Geo_Bounding_Box Returning Bogus Results


(Shawn Evans) #1

I'm quite new to ElasticSearch, and I'm having some problems getting
accurate results out of the geo_bounding_box filter. It's my understanding
that given 2 points, the geo_bounding_box will return all results that fall
within the designated area defined by the points. I'm using Python with
the json library to get data into a proper _bulk index format, and a
'_bulk' request to insert the data into ES. Here's the gist of it:

  1. Create the index:

$ curl -XPUT 'http://localhost:9200/geodata/'
{"ok":true,"acknowledged":true}

  1. Create a mapping:

$ curl -XPUT 'http://localhost:9200/geodata/record/_mapping' -d '{
"record": { "properties" : { "city" : {"type" : "string"}, "region_code" :
{"type":"string"},g"}, "country_code" : {"type":"string"},
"country_name":{"type":"string"}, "email":{"type":"string"}, "Location" : {
"type" : "geo_point" }, "area_code" : {"type":"string"} } } }'
{"ok":true,"acknowledged":true}

  1. Insert data in the following format (roughly 350k records):

{"index": {"_type": "record", "_id": 80, "_index": "geodata"}}
{"city": "Tokyo", "region_code": "40", "postal_code": null, "Location":
[139.7514, 35.685], "country_code": "JPN", "country_name": "Japan",
"email": "testing1@example.com", "area_code": 0}

After indexing the data, I verified that everything worked properly:

$ curl 'http://localhost:9200/geodata/record/237718/'
{"_index":"geodata","_type":"record","_id":"237718","_version":1,"exists":true,
"_source" : {"city": "Reading", "region_code": "PA", "postal_code":
"19607", "Location": [-75.9523, 40.2851], "country_code": "USA",
"country_name": "United States", "email": "testing2@example.com",
"area_code": 610}}

  1. With the data indexed I attempted to run a query with a
    geo_bounding_box filter.

$ curl
'http://localhost:9200/geodata/record/_search?pretty=true&size=1000000' -d
'{ "query" : { "filtered" : { "query" : { "match_all":{}},"filter": {
"geo_bounding_box": {"Lcation" : { "top_left" :[-75.961189,40.371659]
,"bottom_right ": [-75.892525,40.297858] } } } } } } } }'

  1. The request above returns results, but the results that are returned
    are not even close to the small bounding area I have defined in the query.
    The query above should return results for a small town in Pennsylvania,
    however the results included hits from Portugal and Spain, which are well
    outside of my bounding box.
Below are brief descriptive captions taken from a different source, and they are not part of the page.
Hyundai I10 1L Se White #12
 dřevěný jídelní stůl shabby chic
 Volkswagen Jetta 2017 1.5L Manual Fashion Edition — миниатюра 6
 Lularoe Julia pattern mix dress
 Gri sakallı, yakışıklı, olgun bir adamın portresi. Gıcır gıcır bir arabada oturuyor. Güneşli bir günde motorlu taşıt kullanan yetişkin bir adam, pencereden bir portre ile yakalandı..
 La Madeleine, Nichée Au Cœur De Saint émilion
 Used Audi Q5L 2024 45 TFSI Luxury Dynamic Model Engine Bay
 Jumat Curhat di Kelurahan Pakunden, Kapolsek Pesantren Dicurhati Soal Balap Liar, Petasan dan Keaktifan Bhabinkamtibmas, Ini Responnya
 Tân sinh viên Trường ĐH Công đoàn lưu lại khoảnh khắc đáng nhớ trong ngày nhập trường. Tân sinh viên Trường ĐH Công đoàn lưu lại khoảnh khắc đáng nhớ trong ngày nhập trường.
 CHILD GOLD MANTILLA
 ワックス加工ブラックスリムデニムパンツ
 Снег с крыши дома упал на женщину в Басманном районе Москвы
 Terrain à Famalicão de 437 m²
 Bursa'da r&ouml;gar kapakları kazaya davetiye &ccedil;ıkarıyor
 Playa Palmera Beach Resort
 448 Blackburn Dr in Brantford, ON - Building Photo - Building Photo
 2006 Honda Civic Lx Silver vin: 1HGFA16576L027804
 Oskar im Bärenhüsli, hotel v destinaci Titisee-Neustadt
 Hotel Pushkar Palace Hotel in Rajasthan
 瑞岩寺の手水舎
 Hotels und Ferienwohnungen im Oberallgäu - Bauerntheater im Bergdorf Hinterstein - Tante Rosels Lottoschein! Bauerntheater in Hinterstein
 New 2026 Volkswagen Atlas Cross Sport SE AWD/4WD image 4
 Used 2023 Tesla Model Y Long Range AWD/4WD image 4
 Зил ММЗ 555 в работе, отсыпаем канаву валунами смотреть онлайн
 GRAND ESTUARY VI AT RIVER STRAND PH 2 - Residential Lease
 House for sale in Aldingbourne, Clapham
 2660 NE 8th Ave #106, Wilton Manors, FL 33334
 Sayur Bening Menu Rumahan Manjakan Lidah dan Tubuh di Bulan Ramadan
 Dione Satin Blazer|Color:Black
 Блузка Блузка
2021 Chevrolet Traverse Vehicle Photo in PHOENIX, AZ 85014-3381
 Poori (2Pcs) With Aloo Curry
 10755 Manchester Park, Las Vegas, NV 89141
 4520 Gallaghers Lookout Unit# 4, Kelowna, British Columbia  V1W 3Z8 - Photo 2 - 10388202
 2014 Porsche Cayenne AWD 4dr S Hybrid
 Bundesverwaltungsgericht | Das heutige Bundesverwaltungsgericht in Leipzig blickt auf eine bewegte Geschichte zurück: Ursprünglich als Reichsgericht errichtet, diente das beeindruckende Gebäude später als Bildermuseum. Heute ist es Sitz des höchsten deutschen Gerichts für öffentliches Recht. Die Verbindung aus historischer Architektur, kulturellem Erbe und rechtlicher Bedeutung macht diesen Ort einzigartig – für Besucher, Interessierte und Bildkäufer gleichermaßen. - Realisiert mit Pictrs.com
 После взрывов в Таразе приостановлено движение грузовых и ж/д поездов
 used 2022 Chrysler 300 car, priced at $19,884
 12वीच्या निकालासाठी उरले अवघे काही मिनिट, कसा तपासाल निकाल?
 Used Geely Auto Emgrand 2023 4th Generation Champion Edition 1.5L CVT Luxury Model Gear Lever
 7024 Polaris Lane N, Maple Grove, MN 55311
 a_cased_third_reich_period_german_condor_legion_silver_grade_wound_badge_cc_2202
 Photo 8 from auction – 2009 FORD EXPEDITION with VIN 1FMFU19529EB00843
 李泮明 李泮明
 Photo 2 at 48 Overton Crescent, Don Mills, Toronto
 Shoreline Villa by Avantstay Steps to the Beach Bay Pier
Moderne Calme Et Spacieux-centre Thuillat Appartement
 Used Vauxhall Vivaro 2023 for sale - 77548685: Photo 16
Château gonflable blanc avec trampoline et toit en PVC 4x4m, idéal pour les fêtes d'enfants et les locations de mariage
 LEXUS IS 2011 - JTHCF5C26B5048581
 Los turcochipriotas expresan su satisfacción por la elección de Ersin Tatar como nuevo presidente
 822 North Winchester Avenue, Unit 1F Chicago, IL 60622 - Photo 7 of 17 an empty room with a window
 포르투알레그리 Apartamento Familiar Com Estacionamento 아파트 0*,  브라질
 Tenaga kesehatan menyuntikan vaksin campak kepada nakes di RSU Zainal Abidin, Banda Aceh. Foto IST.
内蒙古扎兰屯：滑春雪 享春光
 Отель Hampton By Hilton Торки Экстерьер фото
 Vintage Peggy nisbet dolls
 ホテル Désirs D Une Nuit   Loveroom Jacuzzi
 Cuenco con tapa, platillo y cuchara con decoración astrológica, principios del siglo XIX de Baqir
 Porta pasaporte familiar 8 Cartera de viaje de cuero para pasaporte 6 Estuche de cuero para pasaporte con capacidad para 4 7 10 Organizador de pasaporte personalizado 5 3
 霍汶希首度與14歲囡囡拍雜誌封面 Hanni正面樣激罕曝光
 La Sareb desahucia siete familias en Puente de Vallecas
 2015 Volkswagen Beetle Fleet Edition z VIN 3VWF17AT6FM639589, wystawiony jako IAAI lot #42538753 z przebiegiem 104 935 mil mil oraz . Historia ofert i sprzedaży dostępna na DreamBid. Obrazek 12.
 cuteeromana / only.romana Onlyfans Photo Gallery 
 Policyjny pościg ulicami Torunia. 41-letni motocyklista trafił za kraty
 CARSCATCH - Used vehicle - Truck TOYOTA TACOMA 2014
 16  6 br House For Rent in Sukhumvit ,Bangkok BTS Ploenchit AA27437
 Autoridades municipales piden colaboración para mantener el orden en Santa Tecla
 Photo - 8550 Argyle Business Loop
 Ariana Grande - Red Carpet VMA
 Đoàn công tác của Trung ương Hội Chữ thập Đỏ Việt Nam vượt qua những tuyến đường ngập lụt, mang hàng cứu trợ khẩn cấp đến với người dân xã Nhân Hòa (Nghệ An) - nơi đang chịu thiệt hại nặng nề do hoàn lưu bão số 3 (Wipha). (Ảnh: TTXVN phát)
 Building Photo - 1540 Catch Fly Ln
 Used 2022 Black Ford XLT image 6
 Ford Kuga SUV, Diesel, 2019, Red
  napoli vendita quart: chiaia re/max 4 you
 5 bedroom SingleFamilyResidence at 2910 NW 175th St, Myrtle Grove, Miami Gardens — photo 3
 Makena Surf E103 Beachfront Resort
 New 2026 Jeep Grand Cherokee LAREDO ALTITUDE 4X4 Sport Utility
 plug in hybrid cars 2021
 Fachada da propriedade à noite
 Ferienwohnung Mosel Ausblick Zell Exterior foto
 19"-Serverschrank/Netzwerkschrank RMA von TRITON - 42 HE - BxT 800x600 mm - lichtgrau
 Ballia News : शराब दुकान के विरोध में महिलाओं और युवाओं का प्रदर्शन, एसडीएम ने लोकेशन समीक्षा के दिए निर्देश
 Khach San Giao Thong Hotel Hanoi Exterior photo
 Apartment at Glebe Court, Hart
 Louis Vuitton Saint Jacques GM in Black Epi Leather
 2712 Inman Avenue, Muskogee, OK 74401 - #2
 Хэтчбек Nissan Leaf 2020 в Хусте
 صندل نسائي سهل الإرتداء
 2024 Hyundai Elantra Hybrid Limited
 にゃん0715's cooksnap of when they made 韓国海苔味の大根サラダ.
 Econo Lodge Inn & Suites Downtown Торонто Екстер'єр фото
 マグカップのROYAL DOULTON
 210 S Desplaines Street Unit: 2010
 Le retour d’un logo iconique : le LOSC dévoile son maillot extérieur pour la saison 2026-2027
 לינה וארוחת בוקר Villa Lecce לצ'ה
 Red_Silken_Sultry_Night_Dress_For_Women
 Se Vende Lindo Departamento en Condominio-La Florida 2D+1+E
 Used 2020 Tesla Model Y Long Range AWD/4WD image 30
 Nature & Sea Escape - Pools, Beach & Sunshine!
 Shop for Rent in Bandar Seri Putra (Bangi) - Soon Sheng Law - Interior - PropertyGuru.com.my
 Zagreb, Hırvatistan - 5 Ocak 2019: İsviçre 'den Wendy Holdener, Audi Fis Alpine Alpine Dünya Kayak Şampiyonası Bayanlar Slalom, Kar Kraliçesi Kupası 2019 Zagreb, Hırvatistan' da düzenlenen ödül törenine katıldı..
I've tried changing the Location (geo_point
    value) to every format defined in the geo_point reference guide
    (http://www.elasticsearch.org/guide/reference/mapping/geo-point-type/) to
    no avail. I've tried using a nested Location in the format of
    "Pin.location". I've tried forgoing a mapping and going with the 'dynamic'
    type, but everything seems to return the same incorrect results. Any
    assistance or advice would be hugely appreciated. Thanks!

--
You received this message because you are subscribed to the Google Groups "elasticsearch" group.
To unsubscribe from this group and stop receiving emails from it, send an email to elasticsearch+unsubscribe@googlegroups.com.
For more options, visit https://groups.google.com/groups/opt_out.


(Shawn Evans) #2

So here' s a follow up:

it turns out that my query was returning bad results because I had a typo
in my filter:

"bottom_right " vs "bottom_right"

They key difference being the additional space in the first one. So with
that issue identified, I'm now not getting ANY results back:

$ curl
'http://localhost:9200/geodata/record/_search?pretty=true&size=1000000' -d
'{ "query" : { "filtered" : { "query" : { "match_all":{}},"filter": {
"geo_bounding_box": {"Lcation" : { "top_left" : [-75.961189, 40.371659]
,"bottom_right" : [-75.892525, 40.297858] } } } } } } } }'
{
"took" : 3,
"timed_out" : false,
"_shards" : {
"total" : 5,
"successful" : 5,
"failed" : 0
},
"hits" : {
"total" : 0,
"max_score" : null,
"hits" : [ ]
}

Still zero clues as to why. I'm positive I'm doing something wrong, but
lack the experience to know what exactly. Thanks!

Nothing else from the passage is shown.